これには2つの側面がある。1つは血統的なもの。妙に理屈っぽいとか、叱られるのが判っていてもいたずらするとか、すぐに周りから笑いを取ろうとするとか、基本的な性格が鏡を映しているように似ていると言う側面。愚息が馬鹿をして、叱る時など、「ああ子供の時(いや、今でも)自分は周りからこう見られていた(いる)のか」と、自己嫌悪に陥る。
もう1つの側面は、親が提供している環境的なもの。親の振る舞いを想像以上に子供は見ていて、真似をするものだ。特にその振る舞いが劇的だと、子供への影響は甚大である。
と言う事で、昨晩の日韓戦のような「血沸き肉踊る」試合を愚息と一緒に観戦すると、当方の愚かなる言動を当然ながら、真似されてしまう。帰りの電車の中で、愚息は「大久保許せないよね、死んでしまえばいいのに」などと平気な顔をして言うのだ。当方は「『人に死ね』などとは言うもんじゃない」と叱るが、あまりに説得力がない。試合中に「死んでしまえ!」「この馬鹿たれ」「2度と俺の前に顔見せるな」などと、あらん限りの声で父親が絶叫しているからだ(余談ながら、昨晩は我々の目の前で韓国から来たとおぼしき赤い集団が応援していたが、私の歌や野次をあきれて見ていた)。
不思議な事に真似されるのは否定的な絶叫ばかり。肯定的なものは、不思議に真似しない。

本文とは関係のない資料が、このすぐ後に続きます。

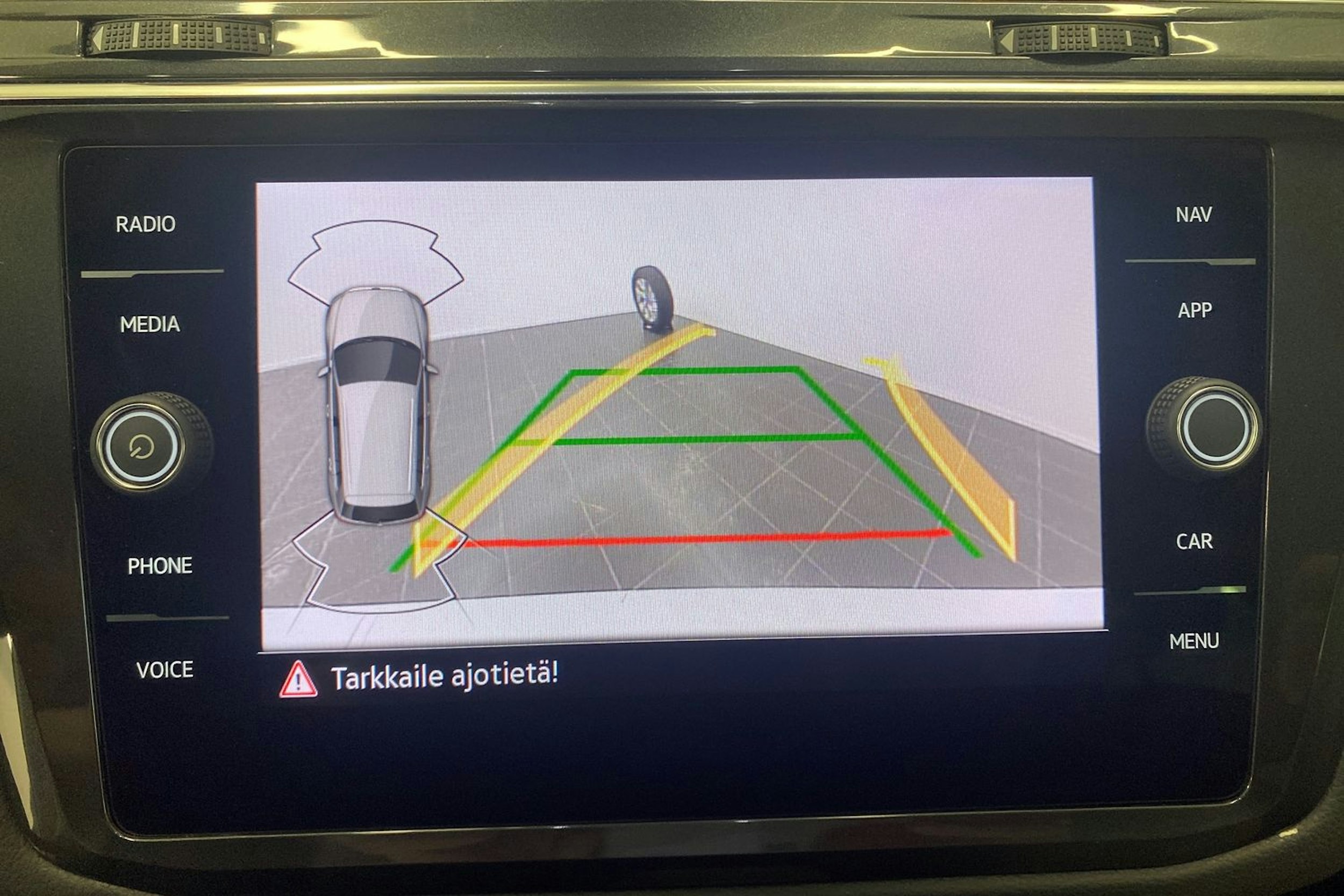 valkoinen Volkswagen Tiguan 2021 kuva 14.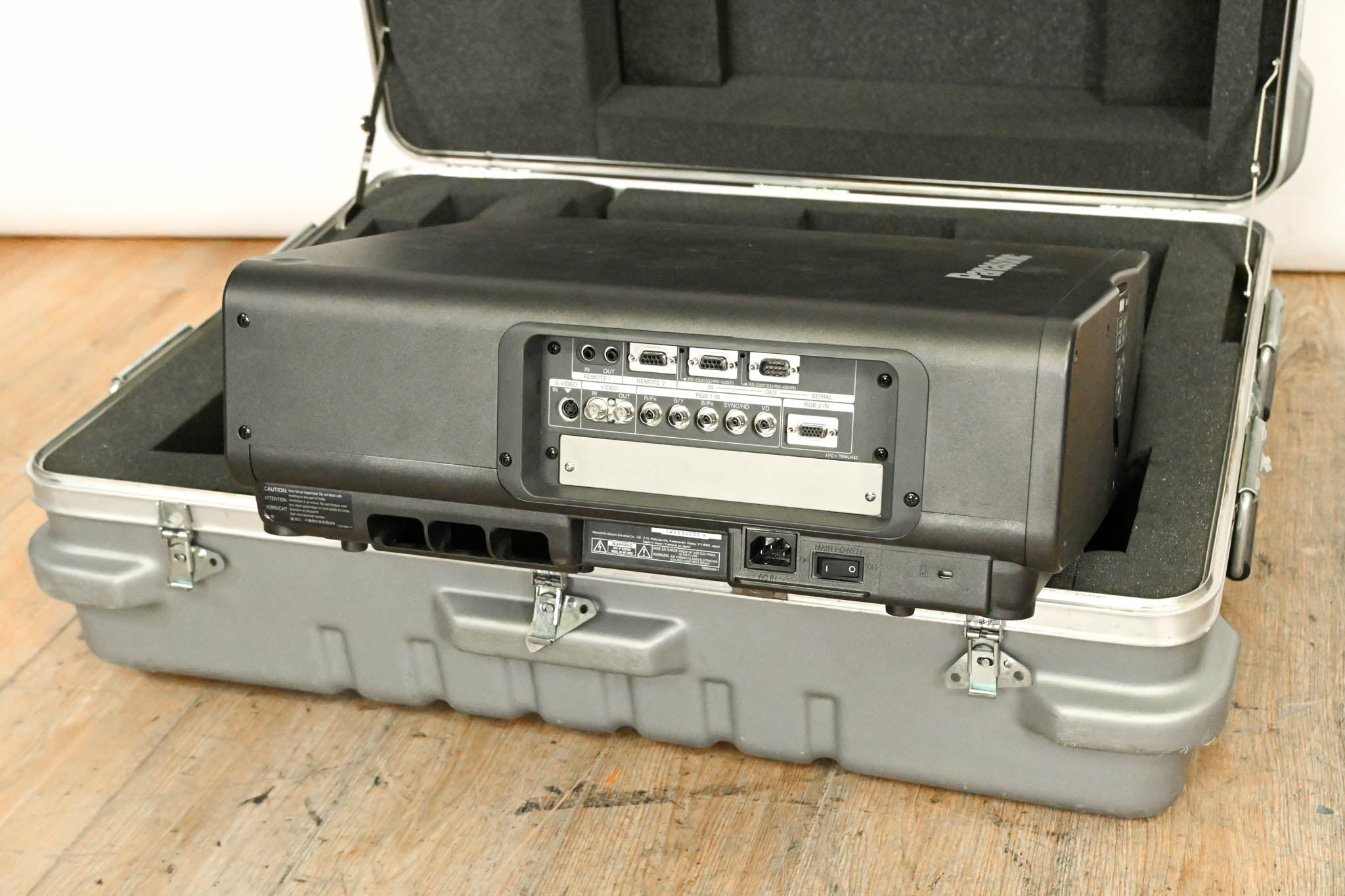 Panasonic PT-DW7000U-K 6000-Lumen DLP Projector with Case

つまり「アレック!いい加減に真面目に守らんかい」、「アレック、もういい、お前は悪くない、使うジーコが悪い」のようなヤツは結構真似するが、「お〜、そこを通すか、小笠原ぁぁ〜〜」とか「よっしゃ、久保ぉぉぉ〜」などのようなのは覚えないのだ。
まあいいや。かくして、しょうもない子供が育つのだろう。親の責任である。
先日、愚息の試合で。敵チームの子がラフプレイで警告を食らった。すると、愚息が「や〜い、ざま見ろ」と言った。審判が苦笑いして「そんな事はいうものじゃない」と言っていたが、愚息は「どうしていけないのだ」と言う表情をしていた。ベンチで指揮をとる監督兼父親が、トップレベルのサッカーを見に行く度に、その種の態度を取り、その種の野次を飛ばすのだから、「いけない事だ」とは思える訳はないな。
でも、不満そうな表情はしたが、不満は口にしなかった。これは教育の成果だ。審判には絶対文句言ってはいけない事も、日頃の親子観戦で学習しているからだろう。小3の愚息は大久保を越えているのである。